Header image from KETV7. This story was originally published in December of 2016.
Police are crediting Northern California Uber driver Keith Avila for helping rescue a teenage girl out of sex trafficking not long ago—a girl he gave a ride to in his car, along with her two suspected female pimps, according to a report by ABC7.
“They started like talking, like saying everything that was going on. Like what they’re doing, child sex trafficking,” Avila said.
Avila says he had just picked up the two women and a 16-year-old girl and brought them to the Holiday Inn, where the two women allegedly pimped the girl out to a man for sex. Minutes after dropping them off at the hotel, he called the police to alert them of what was going on.
“Police arrived fast. They don’t play. They do not play. Not when you’re doing child sex trafficking,” he said.

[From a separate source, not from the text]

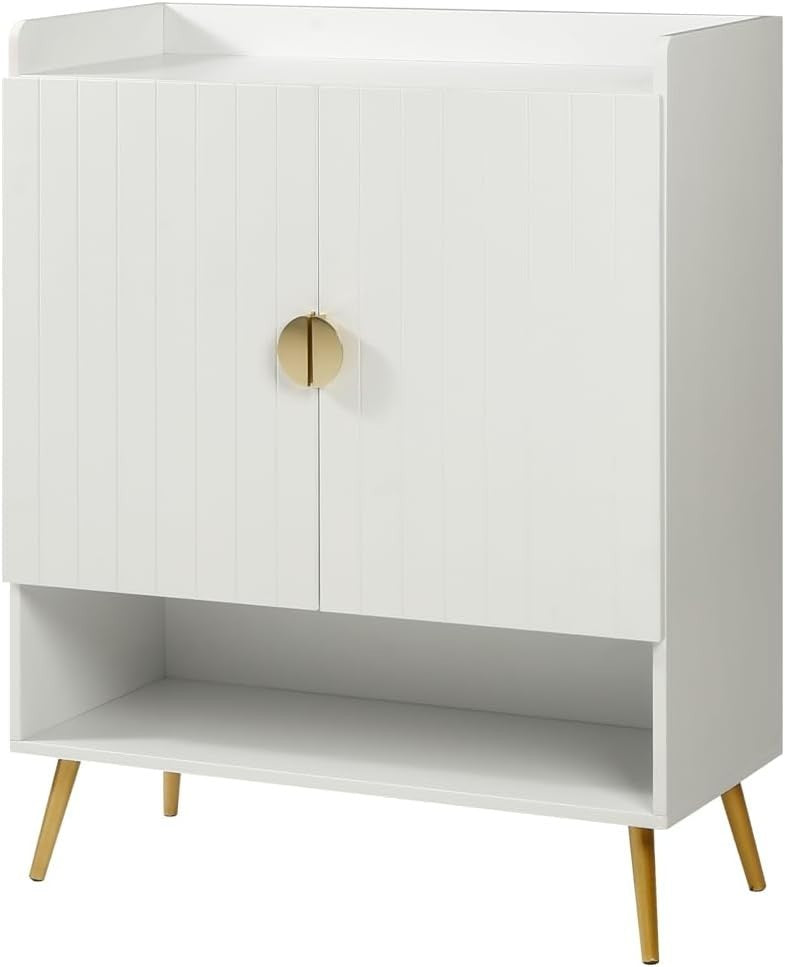 Modern White Shoe Cabinet 2 Door Cupboard w/ Adjustable Shelves 80x35x100cm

Police arrested the two women, Destiny Pettway and Maria Westly, for various charges relating to pimping and pandering. KTXL reports that the man who was purchasing the teenage girl, identified as Disney Vang, was arrested for sex with a minor.
When asked if he was afraid and why he made it a point to alert the authorities, Avila answered simply:
“I can’t just drive away. I’m mean, of course not. That’s not even an option. Honestly, I didn’t think about it. They said what they said, and it’s one of those things that you just do.”
Avila says it was the conversation between the adult women and the girl who tipped him off to the suspected crime that was about to go down.
“‘You’re gonna hug them, you’re gonna pat them down, make sure they don’t have no weapons. You ask him, ‘Do you have any weapons?’ And then ask for the donations. Say ‘Do you have my donation?’ Get the donation first. And then before you go in and do anything, get the donation first.'”
And all the while, Avila says the victim was obviously just a kid.
“I looked at her in the eyes. She had this face of innocence, and like insecure,” he said.
Police are grateful to Avila for getting involved and making a difference.
“He could’ve said nothing. Went on his way, collected his fare. And then that 16-year-old victim could’ve been victimized again by who knows how many different people over the next couple of days, weeks, months,” Elk Grove police Officer Chris Trim said.
Why this matters
One man saved someone’s life just by listening and being observant, and not being afraid to call the police. We could all learn from his example and be aware of our surroundings—knowledge and awareness are the first steps to combatting this global issue.
The fact is, sexual exploitation, sex trafficking, and porn are more closely linked than society would believe, and it’s time we spread the facts. The truth is that sex trafficking is an existing global issue made worse by pornography. Any form of sexual exploitation only fuels the demand for the sex trade as a whole.
We live in a world that needs to see concrete numbers to legitimize an issue. Unfortunately, since sex trafficking and sexual exploitation are underground businesses, those numbers are hard to come by. But a lot of what we do know about the current state of the industry comes from survivors, and they have a lot to say about how porn was largely connected to or included in their trafficking or exploitation. Here are just a few broad stats:
– By some estimates, 4.5 million people are trapped or forced into sexual exploitation globally. (International Labor Organization)
– Sex trafficking is big business—it generates $99 billion annually, just from commercial sexual exploitation alone. (International Labor Organization)
– In one survey, 63% of underage sex trafficking victims said they had been advertised or sold online. (Thorn)
Research shows that men who go to prostitutes are twice as likely to have watched a porn film in the last year compared to the general population. It’s also not surprising that when these customers show up, many come ready with porn images in hand to show the women they’re exploiting what they want to do.
And they’re not the only ones using porn as an illustration. “Pimps and traffickers use pornography to initiate their … victims into their new life of sexual slavery,” says Dr. Janice Shaw Crouse, a former UN representative and a senior fellow at the Beverley LaHaye Institute. Through exposure to porn, these victims “get hardened to accept the inevitable and learn what is expected of them.”
Also, in a study done in 2007 of 854 women across nine countries who were sexually exploited, 49% said that porn had been made of them while they were in being sold for sex, and 47% said they had been harmed by men who had either forced or tried to force their victims to do things the men had seen in porn.
We fight to bring awareness to the fact that porn isn’t harmless entertainment, and the porn industry wouldn’t be what it is today without sex trafficking and sexual exploitation.
Porn is commonly made of victims of sex trafficking and put online or sold to distributors. These sex slaves are forced, coerced, and abused into doing porn. For porn consumers at home, there is truly no way to know the dark origins of where the porn comes from or whether what they’re consuming was made consensually. Stopping the demand starts with us.